### DATASET:
·····

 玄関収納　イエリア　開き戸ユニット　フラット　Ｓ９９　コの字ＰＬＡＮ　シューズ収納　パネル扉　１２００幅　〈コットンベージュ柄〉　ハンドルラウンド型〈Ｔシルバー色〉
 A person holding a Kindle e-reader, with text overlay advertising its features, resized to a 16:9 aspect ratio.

·····

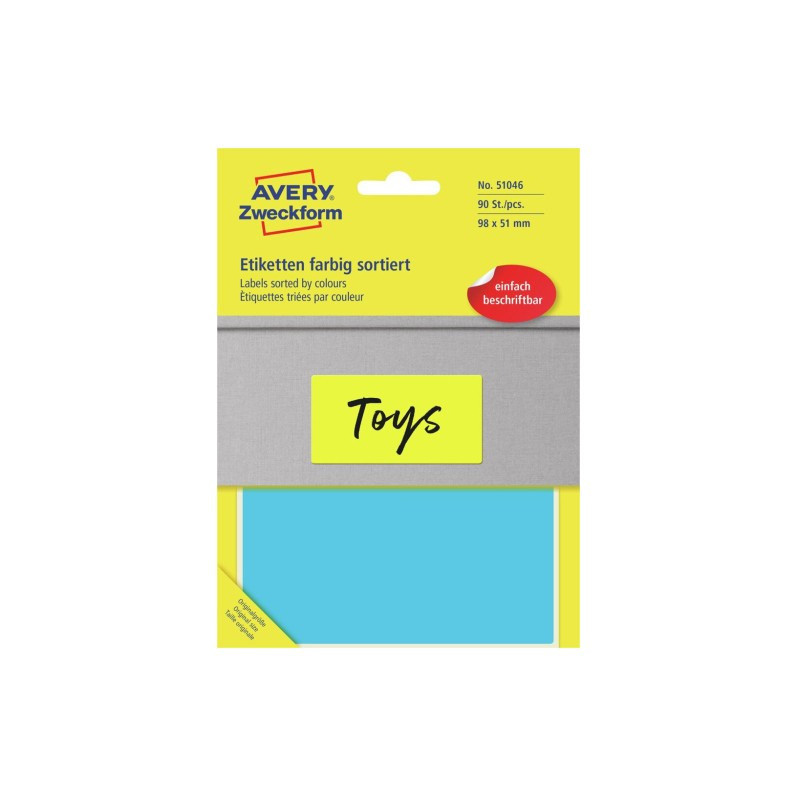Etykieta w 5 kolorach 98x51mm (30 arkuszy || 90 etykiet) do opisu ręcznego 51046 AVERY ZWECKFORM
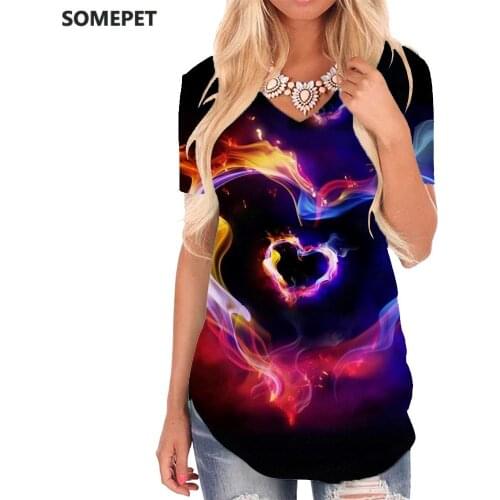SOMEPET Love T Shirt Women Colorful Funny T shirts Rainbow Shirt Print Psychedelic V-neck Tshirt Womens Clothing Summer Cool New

·····

### ABOUT THIS TASK:
Return exactly the lines above from the line that has "玄関収納　イエリア　開き戸ユ" through the line that has "A person holding", inclusive, and nothing else.

### EXERCISE RESPONSE:
 玄関収納　イエリア　開き戸ユニット　フラット　Ｓ９９　コの字ＰＬＡＮ　シューズ収納　パネル扉　１２００幅　〈コットンベージュ柄〉　ハンドルラウンド型〈Ｔシルバー色〉
 A person holding a Kindle e-reader, with text overlay advertising its features, resized to a 16:9 aspect ratio.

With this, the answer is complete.